I know a couple of guitar makers like Eastman use them in their guitars, and Reverend used their Lipstick pickups in their USA line.

I haven't heard much about using his line of replacement pickups, and was wondering if anyone has had experience with them.

Considering these http://www.wdmusic.com/VINTAGE_N_12.html for my Newport. Try as I might, I just don't get along with the Phat Cats. Would love to try Lollar or TV Jones, Filter style, but both are on the pricey side. These are about 50 bucks cheaper each.
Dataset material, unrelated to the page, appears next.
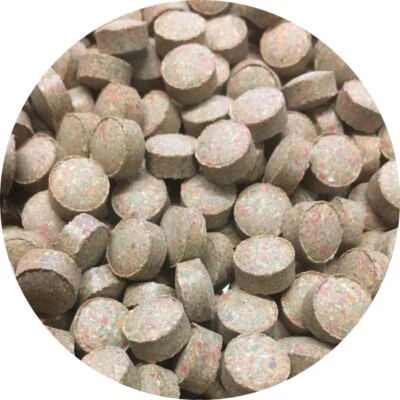 FISCHFUTTERTREFF Fischfutter Futtertabletten Linsentabletten 8mm Braun Zierfischfutter 1 l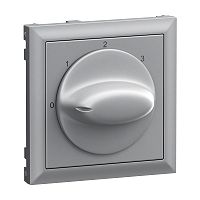 SEANO Abdeckung f�r 3-Stufenschalter (0,1,2,3), Farbe: Alumi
KENT ARMSTRONG® MAGNUM - PATENT APPLIED FOR VINTAGE STYLE 12 POLE - NICKEL METAL COVER Item #: VINTAGE N 12 This Kent Armstrong Vintage Series design has sweet, soulful tones with a warm bass, punchy mids, and a bright, jangly treble response best describes this Kent Armstrong design. 12 individually adjustable pole pieces make this a very versatile pickup, giving better magnetic balance between the two coils. The reason why most people take the covers off their Pickups is to get more power because the slugs are too far from the strings in comparison the screw pole pieces. Now you can have full power, plus total shielding in a covered pickup. 4 conductor wiring allows coil splitting, series/parallel, phase inversion, and more. Nickel Cover Price: $69.95
Posted

Looks like a nice pickup. Why hesitate? You won't come around testing. Did you check the used market for Kent's on Ebay? That's mostly an indicator on popularity. The more they appear the more the brand is spread on the market.

Posted

I had an Eastman jazz guitar at one point that had the Kent Armstrong pickups installed. If I remember correctly, Armstrong made a name for himself by custom winding pickups (which he apparently still does). However, the pickups in the Eastman were Korean made, if that kind of thing means anything to you- in the end, all that matters is the sound you are looking for I suppose. My Eastman always sounded a bit "thin" to me, but that could also have been due to the woods, construction, (etc.) of such a guitar.

Posted

I have some of the hand-wound (I think they make mass-produced ones too) Kent Armstrong humbuckers in my custom shop First Act. Different model than what you're looking at, and in a solidbody so all I can say is they seem well made. These have a kinda old-fashioned, not-too-hot thing going, with some bite and upper-mids. Not a lot of bottom (fine with me) but like I said, you're looking at different pickups. KA has a good reputation from what I've seen.

Posted

Personal experience based on one guitar.

I had an expensive Patrick Eggle Berlin Pro (UK PRS equiv) quite a number of years ago with Kent Armstrong pickups. No matter what we tried, the thing had terrible overtones, I mean unusable sounds.

Problem was rectified to an extent by replacing with SD Custom Custom in the Bridge, and Pearly Gates in the neck. I might add this was carried out at the factory for no charge.

That's my only experience... But it is quite possiblyethat the guitar itself had evil mojo that made it behave badly and to be faitr, the SDs did not completely solve the problem.

I'm tainted by this experience I'm afraid, so my view is not impartial. But based on it, I wouldn't go for Kent Armstrongs as any sort of pickup choice in the future.

Posted

In the mid-late 80's when I was at Guild Guitars, we were using Kent Armstrong pickups in our Nightbird/Nightingale guitars when they came out. We quickly switched to EMG's. Just saying.